Emmanuel Macron appelle la Nouvelle-Calédonie à « ne pas faire reculer l’Histoire »

©Twitter / Emmanuel Macron

Emmanuel Macron a joué l’apaisement samedi lors de sa visite sur l’île d’Ouvéa, étape la plus sensible de son séjour en Nouvelle-Calédonie, où il a appelé la population et ses dirigeants à « ne pas faire reculer l’Histoire », à six mois d’un référendum sur l’indépendance.

« C’est aux Calédoniens qu’il appartient de choisir » lors du référendum du 4 novembre, a déclaré Emmanuel Macron samedi soir à Nouméa lors d’un discours en clôture de son déplacement de trois jours sur le Caillou.
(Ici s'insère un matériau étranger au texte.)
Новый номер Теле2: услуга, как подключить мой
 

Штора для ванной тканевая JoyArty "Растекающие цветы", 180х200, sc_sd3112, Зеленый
Le chef de l’Etat a assuré qu’il n’entendait pas prendre parti, « pas pour me soustraire à une responsabilité, mais parce que ce n’est justement pas ma responsabilité ». Mais, a-t-il ajouté, « la France ne serait pas la même sans la Nouvelle-Calédonie ».

« Il n’appartient qu’à nous tous de ne pas faire reculer l’Histoire, que le choix se fasse dans le calme en gagnant chaque centimètre de paix et de concorde », a déclaré le Président devant le gouvernement de Nouvelle-Calédonie, les élus, les chefs coutumiers, les représentants de la société civile et les responsables économiques, réunis dans un théâtre. La journée de samedi a été riche en gestes symboliques, à commencer par la visite de l’île d’Ouvéa, théâtre en 1988 du paroxysme des violences entre indépendantistes kanak et loyalistes caldoches.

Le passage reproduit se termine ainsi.